Permanent Representation of Spain to the Council of Europe
In 2021 the CEB marks its 65th anniversary as a multilateral development bank with an exclusively social mandate and no fewer than 42 members. What are the advantages of the CEB membership from your country's point of view?
From Spain´s point of view, the advantages are both as client and as shareholder and as a member State of the Council of Europe.
As client of the Bank, we can benefit from the expertise of the staff and the bank´s financial leverage in order to promote social values and build social cohesion. Financing safety nets and social infrastructure are two examples of the great initiatives that CEB can do, and it is something that private banks, more focused on business and profits, tend to neglect.
As shareholder, Spain can participate in the construction of a more social Europe, helping to spread the values embedded in the European Social Charter.
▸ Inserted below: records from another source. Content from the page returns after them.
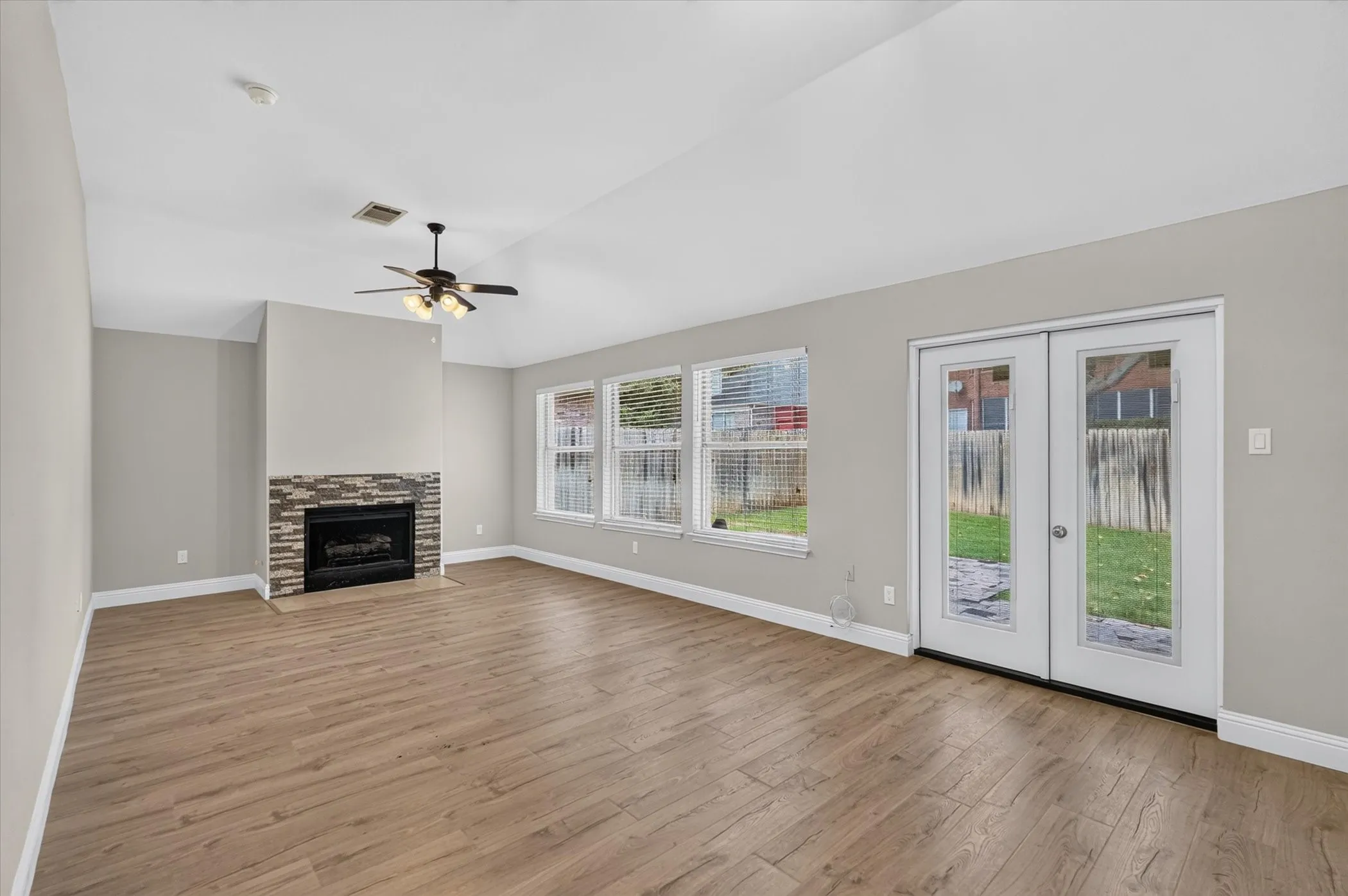 Single Family Residence For Sale in Denton County , 1868 Meyerwood Lane N, Flower Mound, Texas 75028, 3 Bedroom, 2 Bathroom, 2 Garage spaces, 1,660 Sqft, built in 1993, mls#21366331, Real Estate Agent in Flower Mound, Homes For Sale in Denton county, Homes For Sale in Flower Mound, Realtor in Flower Mound Texas, Real Estate Brokerage Independent Realty Texas, Luminita Cordes Realtor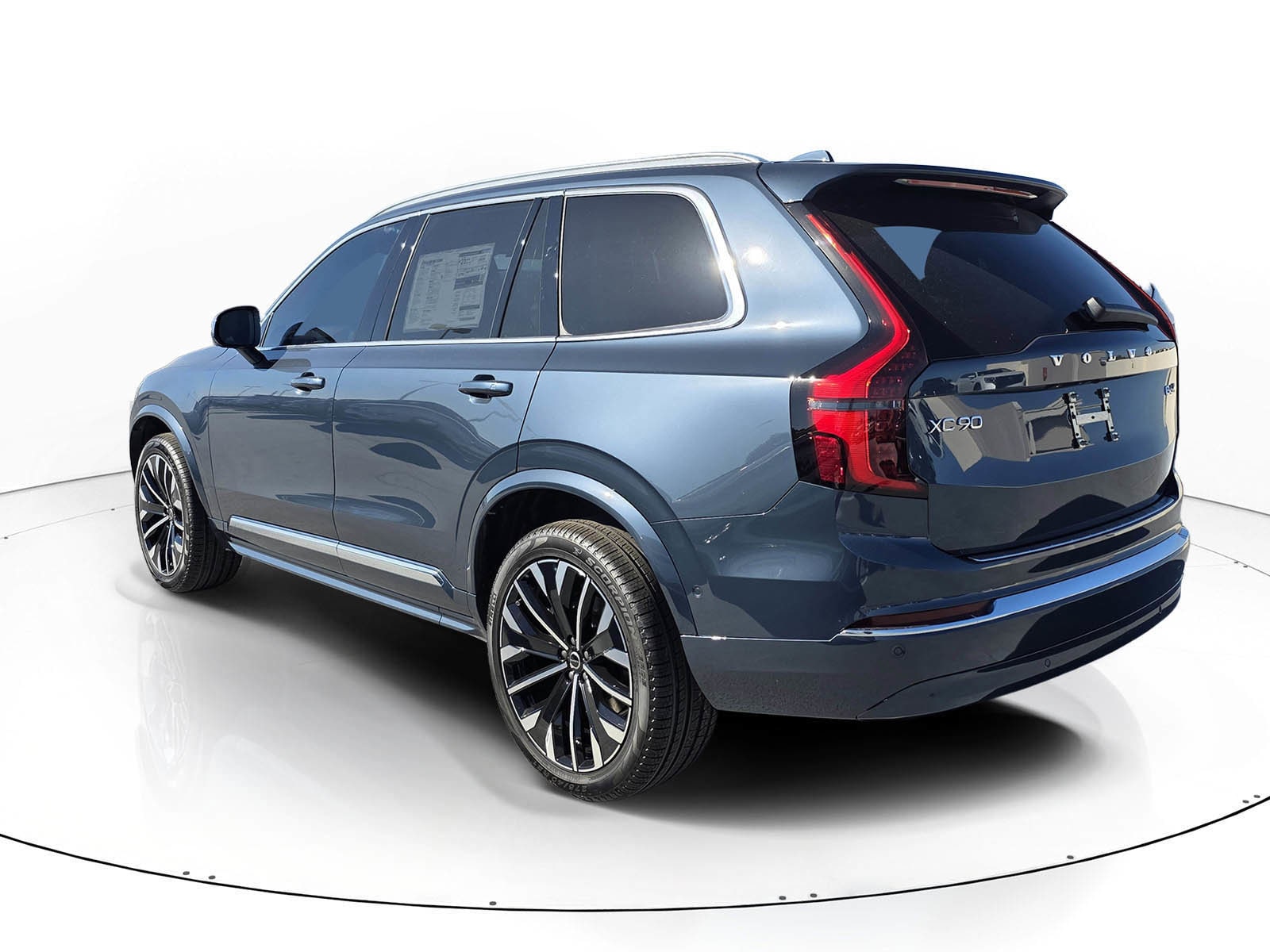 2026 Volvo XC90 Plus - Photo 6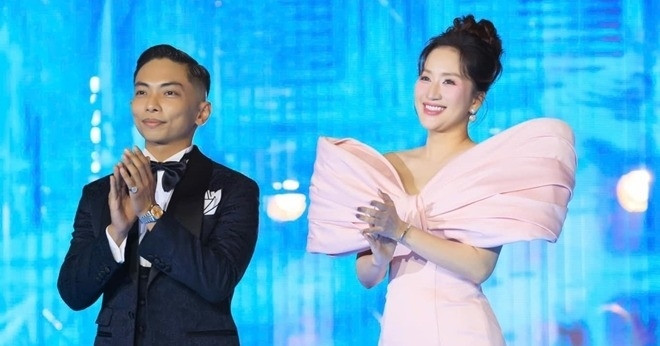 Mối tình lệch tuổi của Khánh Thi - Phan Hiển từ tranh cãi đến hôn nhân viên mãn
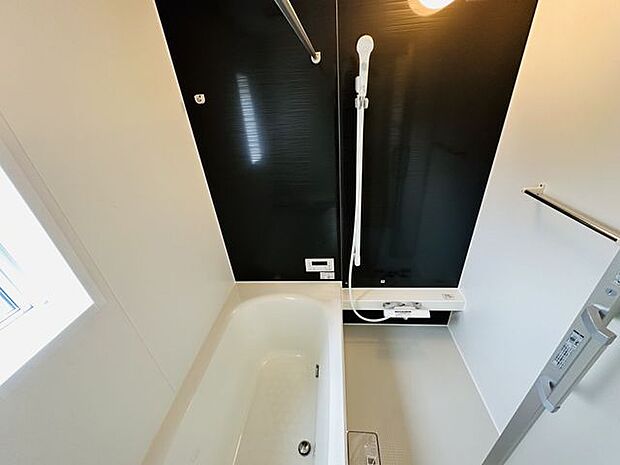 【浴室】浴室換気暖房乾燥機付き。雨天時の洗濯物乾燥はもちろん、浴室内の湿気やカビ対策にも役立ちます。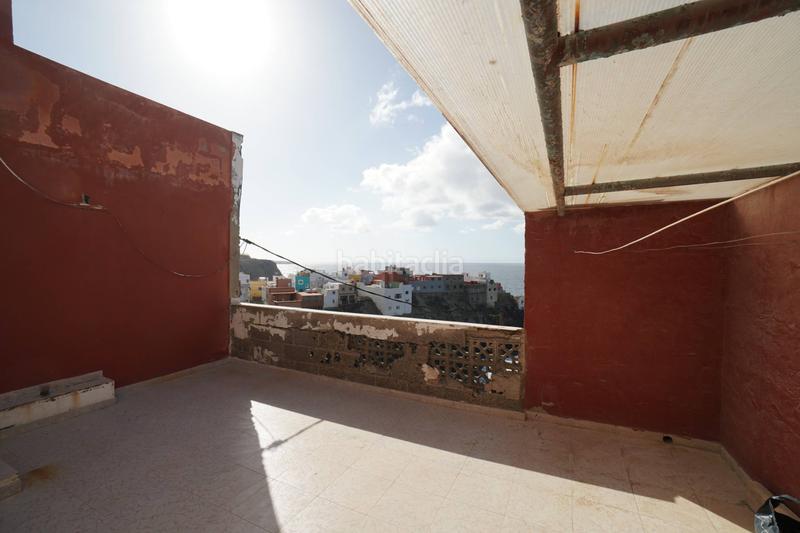 Foto 138aaa53-82b0-4dc2-aeb2-b2a919198844. Casa  en primera línea de mar en Santa María de Guía de Gran Canaria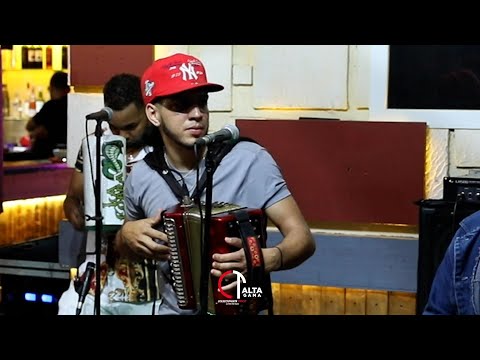 Los Cabareces (Cuarteto Tierra Adentro) Tocando El Rubio Acordeon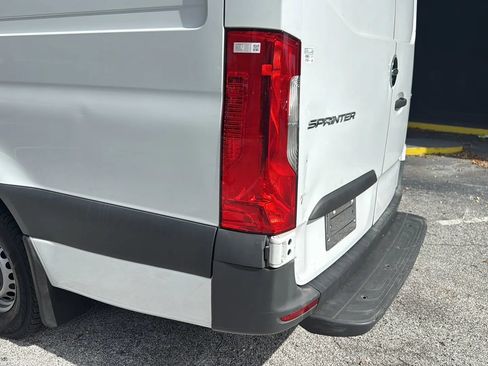 Used 2021 Freightliner Sprinter 2500 RWD image 32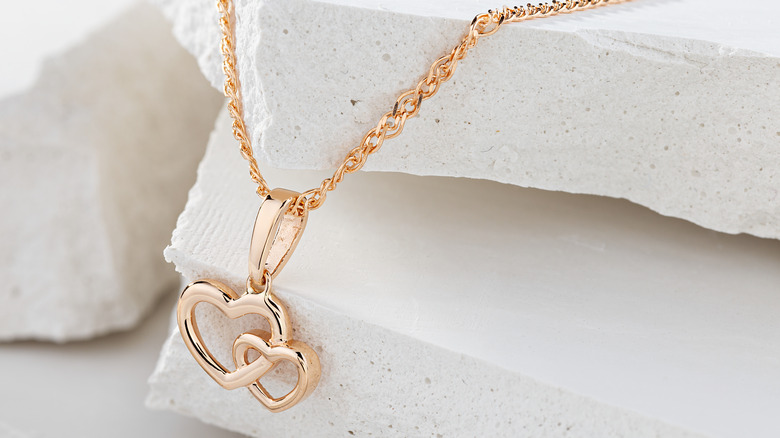 Gold necklace with heart details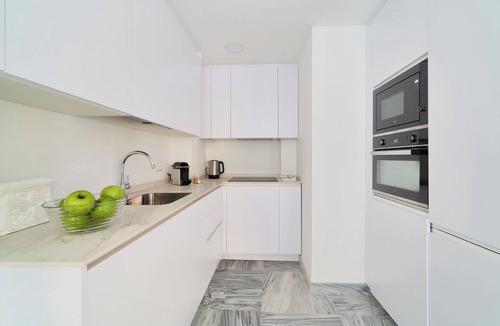 La Victoria Apartment | Tranquil Apartment in Central Málaga with Terrace, AC & Fast WiFi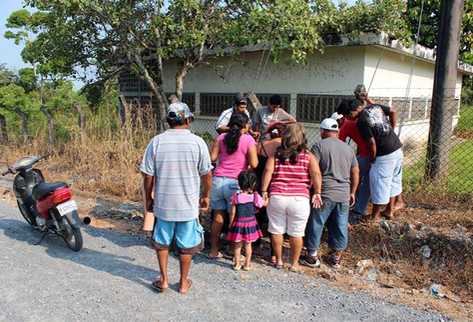 Pobladores observan el cadáver de la modelo Maritza Aracely Saldivar Mejía. (Foto Prensa Libre: Edwin Perdomo).
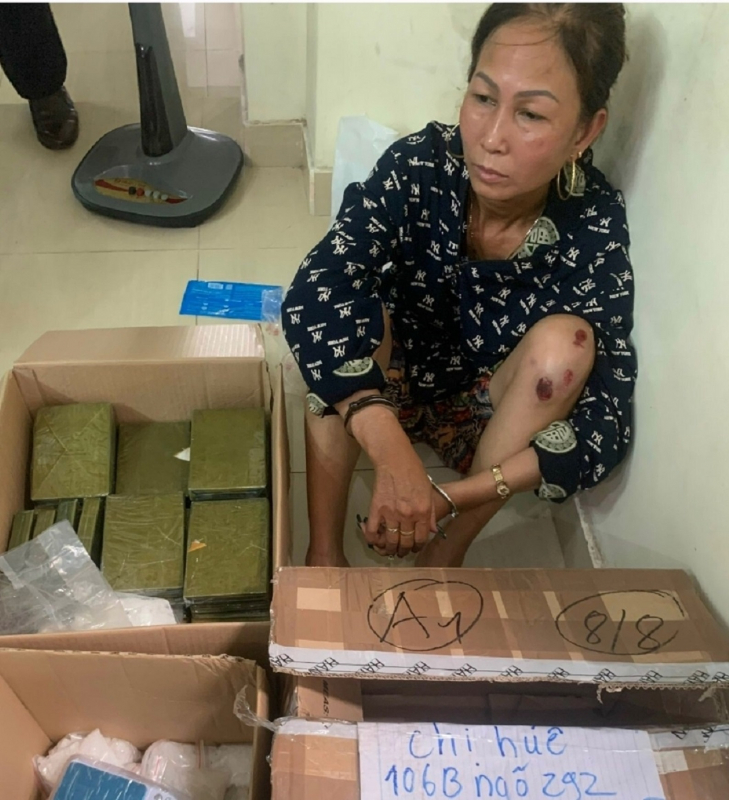 Đột kích “tổng kho” ở Hải Phòng, thu giữ 56 bánh Heroin và 12,43kg ma túy tổng hợp -0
With this objective my country is an active donor of the Migrant and Refugee Fund as well as the Regional Housing Program. Additionally, we have a bilateral fund -the Spanish Social Cohesion Account- to support CEB projects of special social interest.
As a member State of the Council of Europe (CoE) engaged with the principles of human rights, rule of Law and democracy pursued it, we are convinced that their achievement has to be accompanied by that of development, especially in its social and sustainable dimension. In this sense, CEB is an excellent instrument for the achievement of CoE’s goals, and therefore for European construction.
Could you give us some examples of the cooperation between the CEB and your country that you consider particularly significant?
Spain has been one of the main beneficiaries of the Bank, being therefore difficult to emphasise a particular project. I would single out a series of micro-credits to vulnerable families and business with the help of Nuevo Microbank that have been particularly successful in a country where self-employment and small and micro companies represent the main source of jobs. More recently, Spanish regions, namely Madrid, Navarra and Galicia, have benefited from credits aimed to support health care in our efforts to fight the Covid-19 pandemic. Finally, I would like to underline a EUR 1.15 million grant to support healthcare services for migrants and refugees transiting through the autonomous cities of Ceuta and Melilla because it shows how CEB, by helping a particular city, can address a problem that concerns everyone.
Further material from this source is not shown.